The company has several land collaterals mortgaged to banks, which it now plans to liquidate to free up financial resources. These are non-store assets, acquired before Kalyan Jewellers became a listed entity in 2021.
“The plan for the next three to five years is to work on both numerator and denominator for ROCE improvement – reducing our debt while continuing to expand,” Kalyanaraman stated. “Once our debt reduction phase is completed by 2027, we will look at new avenues to utilize the excess cash flow, potentially including company-owned stores (COCO) or a other options like buyback or higher dividend playout etc, subject to board approvals.”
Kalyan Jewellers has shifted its expansion strategy to a franchise-operated company-owned (FOCO) model, where the franchisee invests, and the company retains full operational control. Since launching its franchise operations in June 2021, the company has been scaling up its store network at a rapid pace, with all new showrooms planned under the FOCO model in the upcoming financial year.

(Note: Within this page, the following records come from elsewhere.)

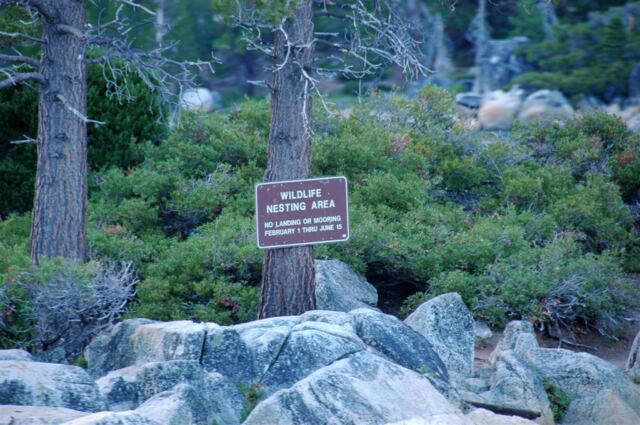 Wildlife Nesting Area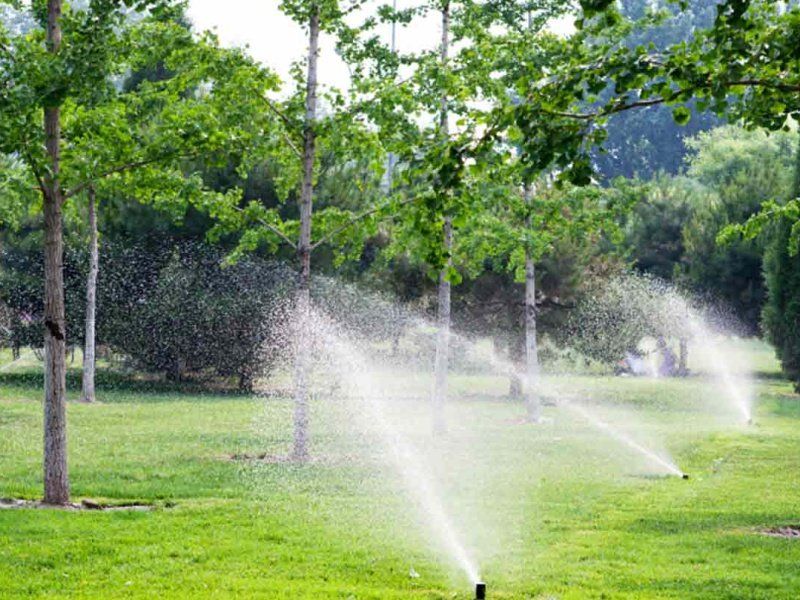 Irrigation system
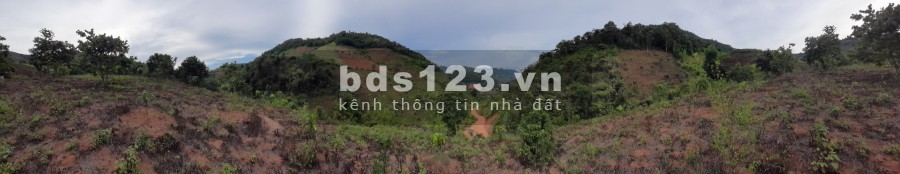 Cần bán nhanh khu đất 1ha Mường Sang, Mộc Châu, Sơn La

“Franchise expansion is an asset-light model that aligns with our debt reduction strategy,” said Kalyanaraman. “It allows us to grow faster without burdening the balance sheet. By the end of the next financial year, our revenue mix should be evenly split between franchise and company-owned stores.”
Currently, 40 per cent of Kalyan Jewellers’ revenue comes from franchise operations, with 60 per cent from company-owned stores. The company expects this to reach a 50-50 ratio by the next fiscal year.
The company reported same-store sales growth (SSSG) of 12 per cent in Q1 FY25, which rose to 23 per cent in both Q2 and Q3. Overall, revenue growth for the first nine months stood at 35 per cent in India.
On the margin front, he highlighted that franchise stores offer better return on capital employed (ROCE) and pre-tax margins (PBT). While EBITDA margins are higher for company-owned stores (8 per cent versus 5 per cent for franchisees), the PBT margins favor franchise stores (5 per cent vs. slightly below 5 per cent for company-owned stores).
“With our increasing franchise presence, PBT margins will continue to improve, and EBITDA margins will stabilize,” Kalyanaraman explained. He also emphasized that one-time losses due to customs duty changes had impacted past margins but are not a recurring factor.
Kalyan Jewellers is also pushing its international expansion, with plans to open 10 showrooms in the next financial year across the Middle East, UK, and US. Looking beyond 2027, the company’s strategy remains flexible.
“Once the debt reduction phase is over, we will explore new ways to deploy our cash flow, be it company-owned stores, further international expansion, or even a buyback. The board will decide the best course of action,” Kalyanaraman concluded.